I already have the emailHtml() function yielding data from the local sqlite database and passing that data via POST with the http.request but can't figure out how to structure my code to have the emailHtml() function return the callback's final string.
Do I need to make callback a generator function also? I've tried var req = yield http.request(options, callback);
but since that stops the request, the POST data is never written and the request is never completed in the following two lines.
What other options do I have if a generator is not the right way to go about this?
Upvotes: 2
Views: 1201
Reputation: 122
Just to add on Chris' answer, here's the cleaned up version of the code I'm now using:
var http = require('http');
emails.send = function *(next) {
// Pull the HTML for email to be sent from another local server
mailOptions['html'] = yield* emailHtml();
};
function makeHttpRequest(options, data) {
// Note we're returning a promise here
return new Promise(function (resolve, reject) {
var req = http.request(options, callback);
req.write(JSON.stringify(data));
req.end();
function callback(response) {
var str = '';
response.on('data', function (chunk) {
str += chunk;
});
response.on('end', function (chunk) {
// -- Resolve promise to complete the request
resolve(str);
});
}
});
}
function* emailHtml() {
// Get the data from the database -- ends up using node-sqlite
var data = yield mea.getMeasurements()
// Make a request to the other server to get it's HTML
return yield makeHttpRequest(options, data);
}
Promises are already built in to Node v0.12.7 when you use the --harmony flag so an additional library is not necessary
Upvotes: 1
Reputation: 30411
You need to turn the HTTP call into something you can yield on. It's messy as currently written, so time to pull in some other tools - in particular, promises. Since you're using Koa, which under the hood uses a library called co, promises are probably the easiest way to to this. I tend to use a library called Bluebird for my promise implementation, there are other options.

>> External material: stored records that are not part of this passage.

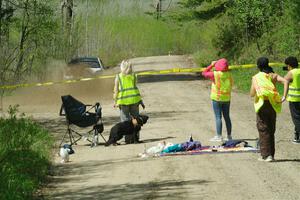 Marshals watch John Farrow / Michael Farrow Subaru WRX on SS2, Blue Trail I.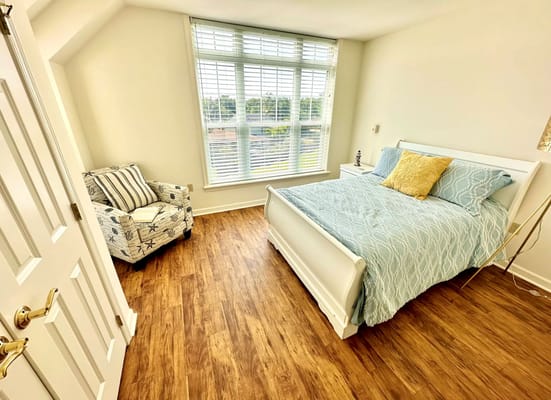 Bright and comfortable bedroom with a bed and a cozy chair.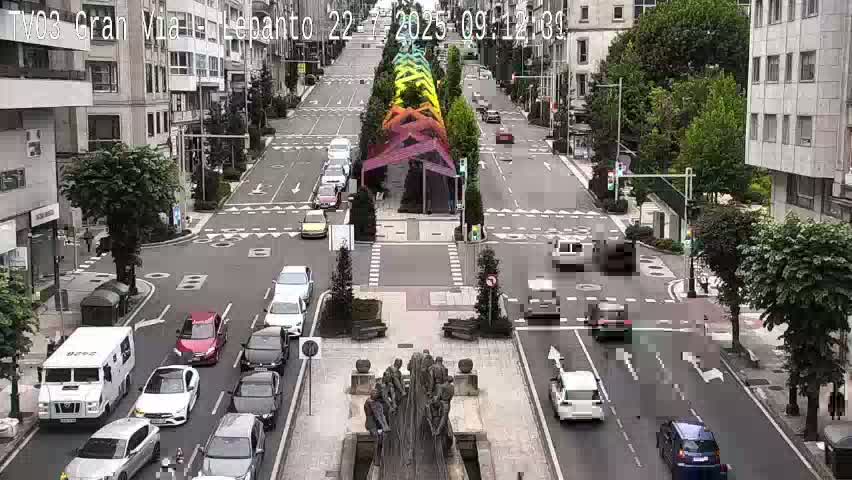 A city street scene with multiple cars driving in both directions, a large statue in the center of the intersection, and a rainbow-colored structure in the middle of the street, under an overcast sky.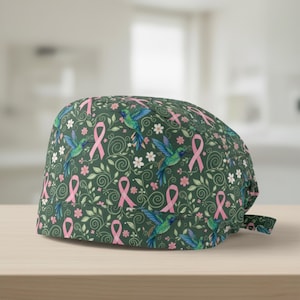 May include: A green scrub cap featuring a pattern of pink ribbons, hummingbirds, and white flowers. The cap is designed with a tie in the back for an adjustable fit. The fabric has a soft, matte finish.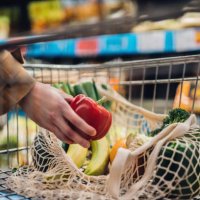 grocery shopping with reusable shopping bag at supermarket - food stock pictures, royalty-free photos & images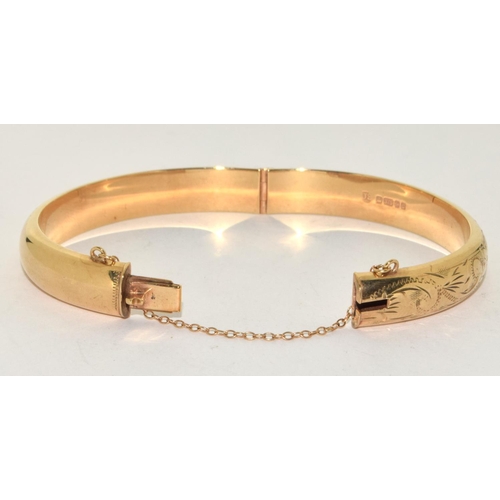 334 - 9ct gold ladies embossed bangle 11g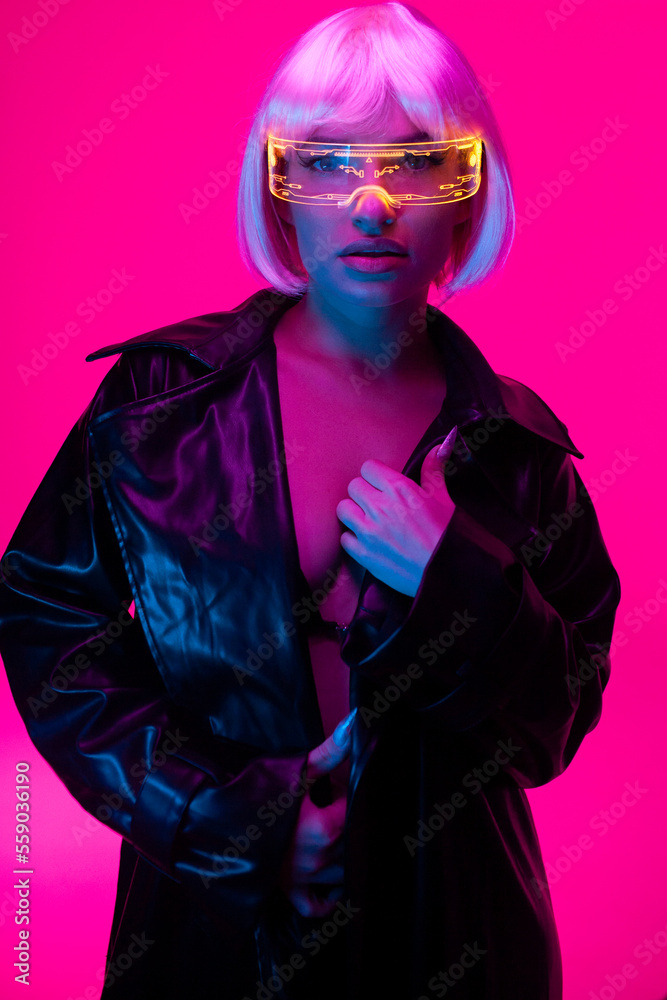 A girl in the cyberpunk style. Girl in neon with luminous glasses A girl in the cyberpunk style. Girl in neon with luminous glasses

So basically you want something like this:
var http = require('http');
var Promise = require('bluebird');
emails.send = function *(next) {
// Pull the HTML for email to be sent from another local server
mailOptions['html'] = yield* emailHtml();
...
};
function makeHttpRequest(options, data) {
// Note we're returning a promise here
return new Promise(function (resolve, reject) {
var req = http.request(options, callback);
req.write(JSON.stringify(data));
req.end();
function callback(response) {
var str = '';
response.on('data', function (chunk) {
str += chunk;
});
response.on('end', function (chunk) {
// -- Resolve promise to complete the request
resolve(str);
});
}
});
}
function* emailHtml() {
// Get the data from the database -- ends up using node-sqlite
var data = yield mea.getMeasurements();
// Callback function to deal with http request below
function callback(response) {
var str = '';
response.on('data', function(chunk) {
str += chunk;
});
response.on('end', function(chunk) {
return str;
});
}
// Make a request to the other server to get it's HTML
var str = yield makeHttpRequest(options, data);
// do whatever you want with the result
return ??????;
}
This wraps up the http stuff inside a promise object, which you generator runner at the outer layer knows how to wait for completion of.
There's other ways to do this, and libraries (like co-request) that wrap this stuff natively, but this is the basic idea.